Dataset items:
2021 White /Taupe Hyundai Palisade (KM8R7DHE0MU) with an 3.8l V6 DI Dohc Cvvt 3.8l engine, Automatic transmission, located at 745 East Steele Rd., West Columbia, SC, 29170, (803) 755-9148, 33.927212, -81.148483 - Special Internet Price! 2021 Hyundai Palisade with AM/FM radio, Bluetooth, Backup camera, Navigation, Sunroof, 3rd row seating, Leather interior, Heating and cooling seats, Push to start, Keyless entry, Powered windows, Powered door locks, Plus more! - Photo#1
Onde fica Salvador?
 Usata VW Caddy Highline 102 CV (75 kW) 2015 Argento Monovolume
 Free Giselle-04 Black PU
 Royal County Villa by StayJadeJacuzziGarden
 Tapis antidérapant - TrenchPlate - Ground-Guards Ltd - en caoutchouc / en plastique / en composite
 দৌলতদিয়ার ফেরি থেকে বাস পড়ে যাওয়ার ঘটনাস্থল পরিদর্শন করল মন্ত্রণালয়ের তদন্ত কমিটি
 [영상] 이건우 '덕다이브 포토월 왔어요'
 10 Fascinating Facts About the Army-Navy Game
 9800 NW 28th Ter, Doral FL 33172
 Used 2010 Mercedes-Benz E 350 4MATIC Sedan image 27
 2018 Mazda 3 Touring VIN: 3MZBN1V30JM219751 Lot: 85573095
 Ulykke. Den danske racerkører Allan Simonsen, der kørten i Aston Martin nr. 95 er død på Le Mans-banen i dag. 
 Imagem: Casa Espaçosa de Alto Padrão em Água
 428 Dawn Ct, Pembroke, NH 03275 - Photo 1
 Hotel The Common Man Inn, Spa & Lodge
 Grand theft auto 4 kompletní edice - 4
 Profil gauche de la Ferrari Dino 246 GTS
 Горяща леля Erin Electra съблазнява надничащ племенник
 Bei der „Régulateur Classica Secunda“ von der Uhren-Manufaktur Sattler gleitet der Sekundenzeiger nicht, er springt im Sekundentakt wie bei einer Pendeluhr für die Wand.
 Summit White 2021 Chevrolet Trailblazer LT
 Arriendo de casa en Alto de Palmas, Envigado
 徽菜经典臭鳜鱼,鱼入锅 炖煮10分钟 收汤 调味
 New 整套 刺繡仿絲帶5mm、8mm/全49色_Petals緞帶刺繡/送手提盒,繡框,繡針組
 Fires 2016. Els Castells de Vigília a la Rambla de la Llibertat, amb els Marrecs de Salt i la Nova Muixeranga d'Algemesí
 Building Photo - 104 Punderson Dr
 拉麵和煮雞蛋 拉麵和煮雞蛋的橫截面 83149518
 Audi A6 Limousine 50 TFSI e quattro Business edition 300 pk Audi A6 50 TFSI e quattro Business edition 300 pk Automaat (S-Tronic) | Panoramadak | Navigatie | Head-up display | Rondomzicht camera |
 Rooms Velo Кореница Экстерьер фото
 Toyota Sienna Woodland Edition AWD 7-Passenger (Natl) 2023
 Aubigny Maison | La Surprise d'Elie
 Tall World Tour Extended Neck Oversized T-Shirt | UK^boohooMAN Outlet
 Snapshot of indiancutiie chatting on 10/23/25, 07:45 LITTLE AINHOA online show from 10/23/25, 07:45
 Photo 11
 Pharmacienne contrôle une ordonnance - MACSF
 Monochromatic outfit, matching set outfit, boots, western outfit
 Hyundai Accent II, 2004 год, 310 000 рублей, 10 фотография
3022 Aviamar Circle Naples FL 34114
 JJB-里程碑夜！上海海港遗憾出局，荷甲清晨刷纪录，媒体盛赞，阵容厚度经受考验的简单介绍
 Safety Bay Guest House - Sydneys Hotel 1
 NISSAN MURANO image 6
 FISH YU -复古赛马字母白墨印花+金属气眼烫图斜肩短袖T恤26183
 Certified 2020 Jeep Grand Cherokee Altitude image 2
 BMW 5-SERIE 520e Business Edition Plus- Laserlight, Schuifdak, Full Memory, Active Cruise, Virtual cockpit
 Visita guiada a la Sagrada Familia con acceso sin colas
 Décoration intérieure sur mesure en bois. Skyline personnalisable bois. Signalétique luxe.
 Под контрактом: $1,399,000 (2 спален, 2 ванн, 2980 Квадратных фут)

PROBLEM STATEMENT:
Beginning with the line that contains "Décoration intérieure sur", return every line through the end of the data above, exactly as written.

YOUR RESPONSE:
 Décoration intérieure sur mesure en bois. Skyline personnalisable bois. Signalétique luxe.
 Под контрактом: $1,399,000 (2 спален, 2 ванн, 2980 Квадратных фут)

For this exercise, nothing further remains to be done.